La parola d’ordine del nuovo ordinamento è flessibilità. Flessibilità in ingresso e in uscita nel mercato del lavoro, stando alla nuova disciplina sostanziale che regolerà i licenziamenti.
I margini? Resta ancora da vedere quali siano i margini di suddetta flessibilità e che reale vantaggio avranno piccole e medie imprese, oltre che i lavoratori.
Flessibili nel licenziare, flessibili nel reintegrare o assumere.
Il processo sui licenziamenti sarà più veloce e saranno introdotte nuove forme di tutela della disoccupazione, ovvero, stando all’articolo 3 della Riforma di legge il deus ex machina del licenziamento per giusta causa sarà lo sfruttamento degli ammortizzatori sociali: la novità principale riguarderà l’introduzione dell’ASPI (Assicurazione Sociale per l’impiego), che sarà in vigore nel 2013 e sostituirà a regime, nel 2017, l’indennità di mobilità e di disoccupazione. A usufruire, oltre i lavoratori dipendenti, potranno essere gli apprendisti e gli artisti. Sarà possibile trasformare l’indennità Aspi in liquidazione per disporre in tal modo di un capitale per avviare un’impresa.
Già, un’impresa, stando all’Associazione Nazionale dei Consulenti del Lavoro sarà un’impresa trovare un posto di lavoro e mantenerlo.
Addio quindi al reintegro automatico in caso di licenziamento per motivi economici, anche se per alcuni casi specifici sarà prevista un’indennità risarcitoria. Nel caso di licenziamento disciplinare, per giusta causa o giustificato motivo soggettivo, il giudice avrà una minor discrezionalità nella decisione del reintegro, che sarà previsto solo sulla base dei contratti collettivi.
E i piccoli medi imprenditori? Dovranno puntare sul contratto di apprendistato che diventerà la forma contrattuale dominante attraverso un sistema di incentivi e di benefici contributivi e che dovrà avere una durata minima non inferiore ai 6 mesi, unica vera novità sotto questo fronte.
E i titolari di Partita Iva? Nodo ancora irrisolto e che si appresta a diventare focolaio di discussioni e polemiche. Per i liberi professionisti la durata di collaborazione non dovrà superare gli 8 mesi e il corrispettivo pagato non dovrà superare l’80% di quello di dipendenti e co.co.co. In caso di collaborazione continuata che superi gli 8 mesi, il rapporto di lavoro si dovrà tramutare in altra forma contrattuale.

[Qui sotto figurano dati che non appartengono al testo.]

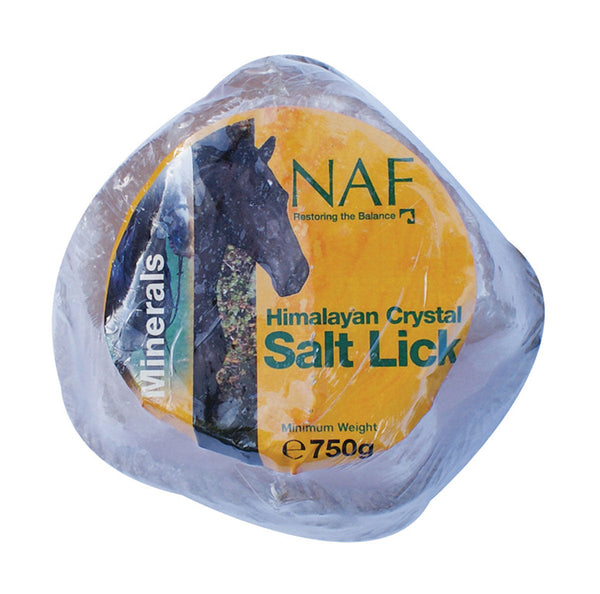 NAF Himalayan Salt Licks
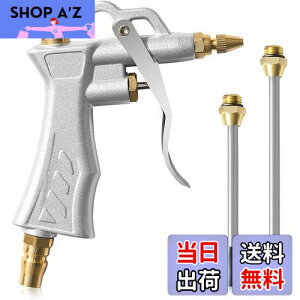 yzPronese GA_X^[K GA[u[K i RvbT[K |p GAK  | | zR  H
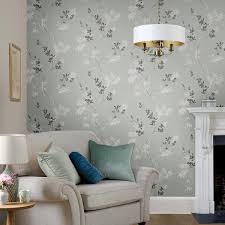 Wall Removable Wallpaper 119840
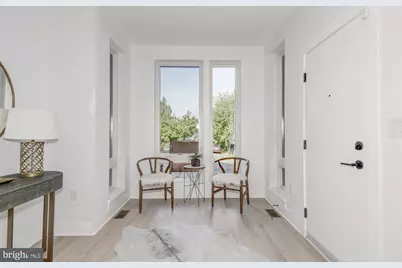 3571 10th Street NW #1, Washington, DC 20010 - Photo 3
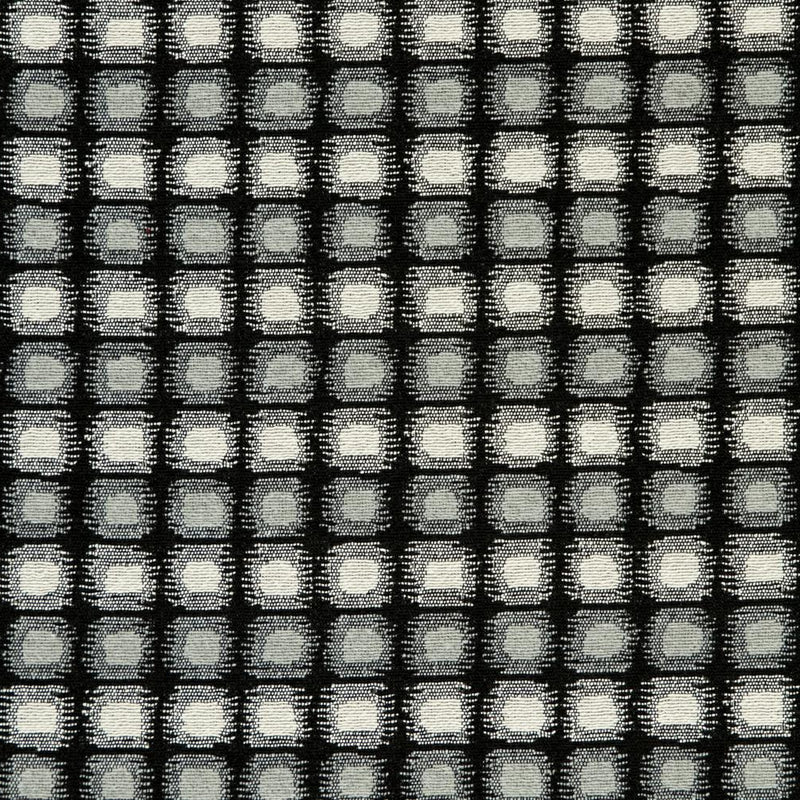 Charlotte - CB800-123 - Fabric by the Yard CB800-123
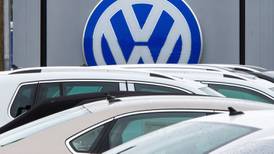 More VW executives knew about diesel fraud, newspaper claims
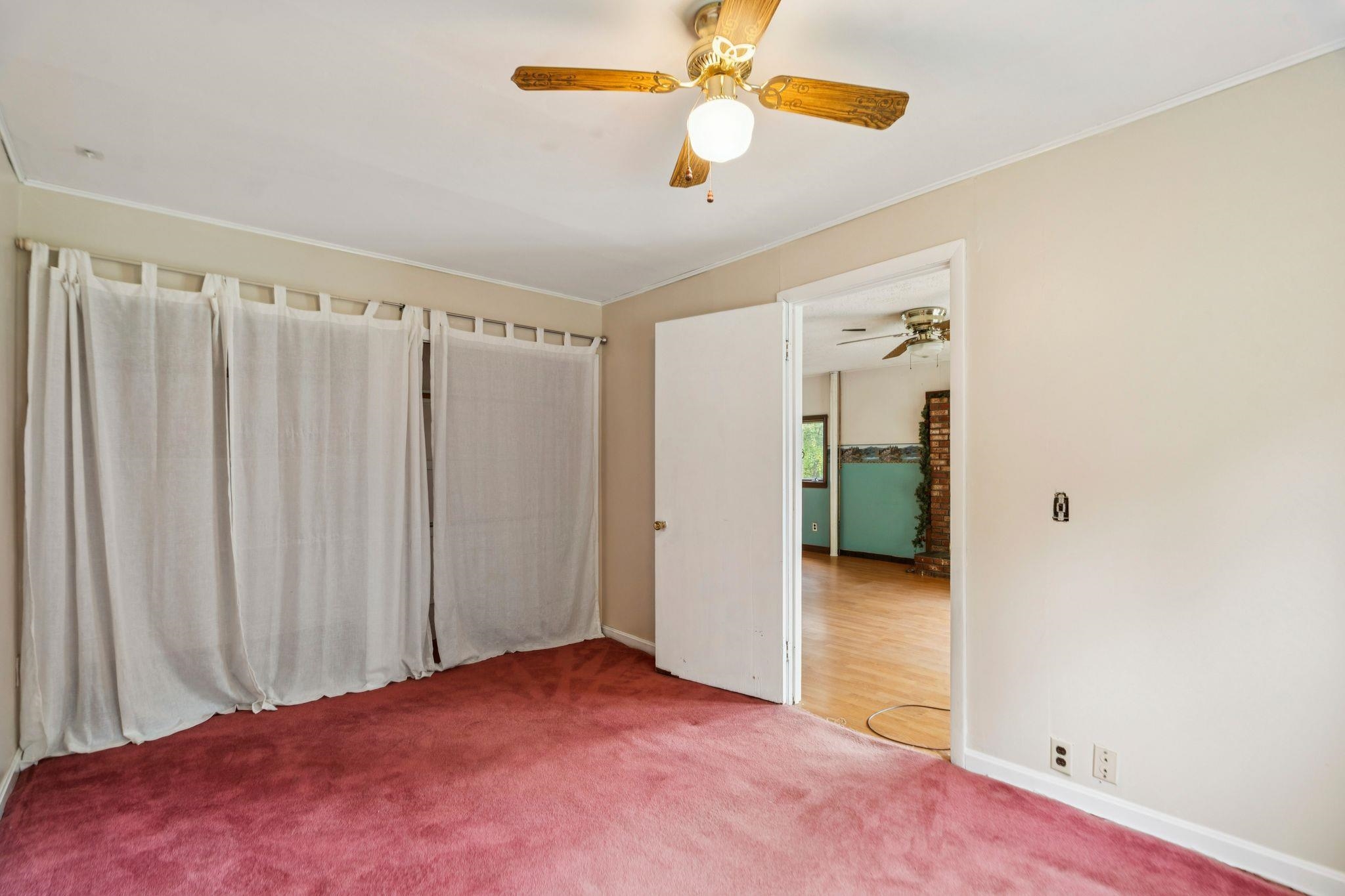 1534 Riford Brook Road Property Photo 5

Mettiamo insieme le due cose: la guerra ai partitivisti porterà sempre meno titolari a mettersi in proprio e a fare, come accade oggi, di necessità virtù. Dall’altra parte, i piccoli medi imprenditori, ai quali mancheranno agevolazioni e aiuti nell’ acquisizione di nuove risorse, saranno costretti a trovare un mutuo accordo con chi sarà in cerca di un impiego. Che per uscire da un circolo vizioso come quello proposto dall’attuale Riforma si proceda alla mala parata e si fomenti il lavoro nero?
Mutua solidarietà tra piccolo imprenditore e lavoratore, l’uno alla ricerca di nuove commesse e l’altro alla ricerca di un nuovo lavoro?
Ma non sarebbe meglio incentivare le assunzioni a tempo indeterminato liberando le pmi dalle tassazioni e dalla pressione fiscale cui sono soggette, almeno nei primi tre anni di vita dell’attività?
Una riforma apprezzabile, dunque, o solo fumo negli occhi? A dire il vero molti sono ancora i tasti dolenti e quelli poco chiari. Come essere tutelati e scegliere la più opportuna tipologia di contratto di lavoro da proporre o da accettare? Che fine faranno gli ordini professionali ancora in bilico con relative casse previdenziali al seguito? E le partite IVA finte e i lavoratori parasubordinati che esistono da sempre?
Dopo tante chiacchiere e pagine di Riforma, un punto proprio ci manca: dov’è finita la forza di trascinamento e incoraggiamento verso le piccole e medie imprese?